Ashby map of the damage tolerance of materials. Arrow indicates the combination of toughness and strength potentially accessible to metallic glasses extends beyond the traditional limiting ranges towards levels previously inaccessible to any material. Filled star: data for new metallic glass. X: data for other metallic glasses (three Fe-based glasses, two Zr-based glasses a Ti-based glass and a Pt-based glass). O: data for ductile-phase-reinforced metallic glasses. Yield-strength data shown for oxide glasses and ceramics represent ideal limits. (Credit: Nature Materials/Robert Ritchie.)

If you do a Google search (admittedly not very scientific) for “world’s strongest material” and “world’s toughest material,” among the results graphene and spider silk tend to rank the highest, respectively. If you expand your efforts to search for materials that are both strong and exhibit fracture toughness, you start finding a variety mentioned, including silicon carbide (and several other engineering ceramics),  Ni/Ti alloys (and other engineering metals) and metallic glasses.

Engineering ceramics are hard to beat on the strength scale. They are scratch resistant and difficult to bend. However, they suffer from a tendency to brittleness. Some engineering metals tend to have higher numbers for combination of both strength and fracture toughness than engineering ceramics. However, even these metals’ toughness come with a price: a tendency to malleability.

But now a group of researchers from Caltech, Lawrence Berkeley National Lab and University of California, Berkeley report in a new paper in Nature Materials that they have found a new composition for a highly damage-tolerant  glass — a metallic glass — that is tougher and stronger than Ni and Ti alloys – that apparently make it the toughest, strongest material ever made.
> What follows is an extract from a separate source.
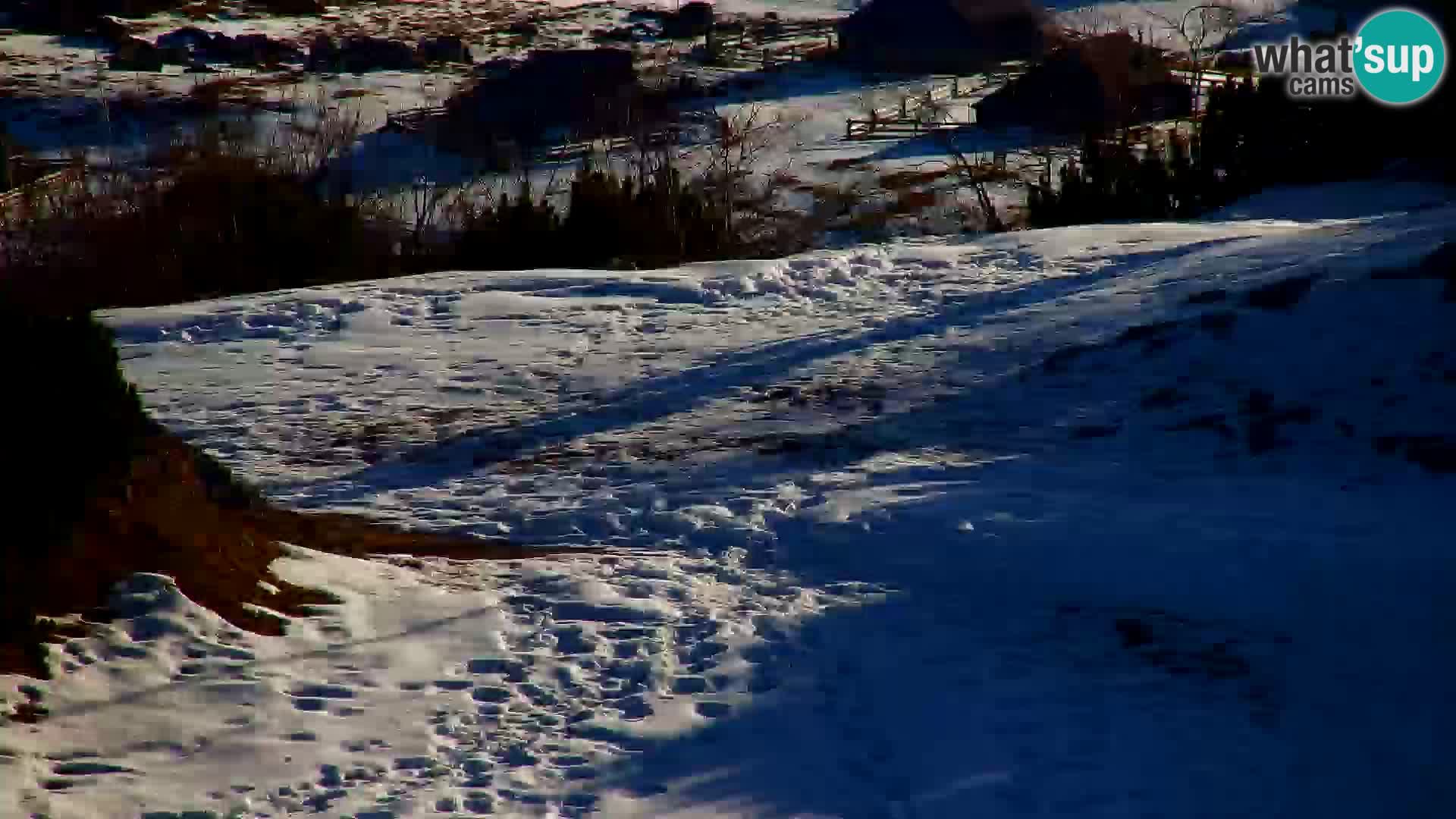 Velika Planina | Gradišče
Furthermore, their insights suggest even stronger, tougher materials aren’t too far down the road.

The search for materials that suppress fractures while maintaining high strength can be difficult because these two properties are, generally speaking, mutually exclusive. Fracture-tough crystalline materials resist crack expansions because of plastic shielding (think of tiny areas of “shear” bands of the material sliding by each other) ahead of the crack. But, because this shielding doesn’t require much energy, its easy for it to occur, thus decreasing its overall strength.

Conversely, noncrystalline (i.e., amorphous or glass) materials tend to strongly resist the development of openings, but lack the mobile microstructures to employ plastic shielding. So, once an opening does develop, a crack can readily expand to the point of failure (brittleness).

As a result, scientists and engineers are faced with the dilemma of the trade-off between strength and toughness. Previously, metallic glass compositions had been investigated and found to have shear band-forming properties, but under strain a single shear band would often form and grow extensively, resulting in major material failure.

That’s what is so important about this group’s work: They achieve higher strength and higher toughness, successfully dodging the trade-off, by using a composition and process that creates a glass capable of multiple microscale shear bands when subjected to stress.

The important component of this new material is palladium. Researchers leverage the high bulk-to-shear stiffness ratio of palladium. ACerS Fellow Rob Ritchie, a professor at the university and materials scientist at LBL, explains, “Because of the high bulk-to-shear modulus ratio of the palladium containing material, the energy required to form shear bands is much lower than the energy required to turn these shear bands into cracks. The result is that glass undergoes extensive plasticity in response to stress, allowing it to bend rather than crack.”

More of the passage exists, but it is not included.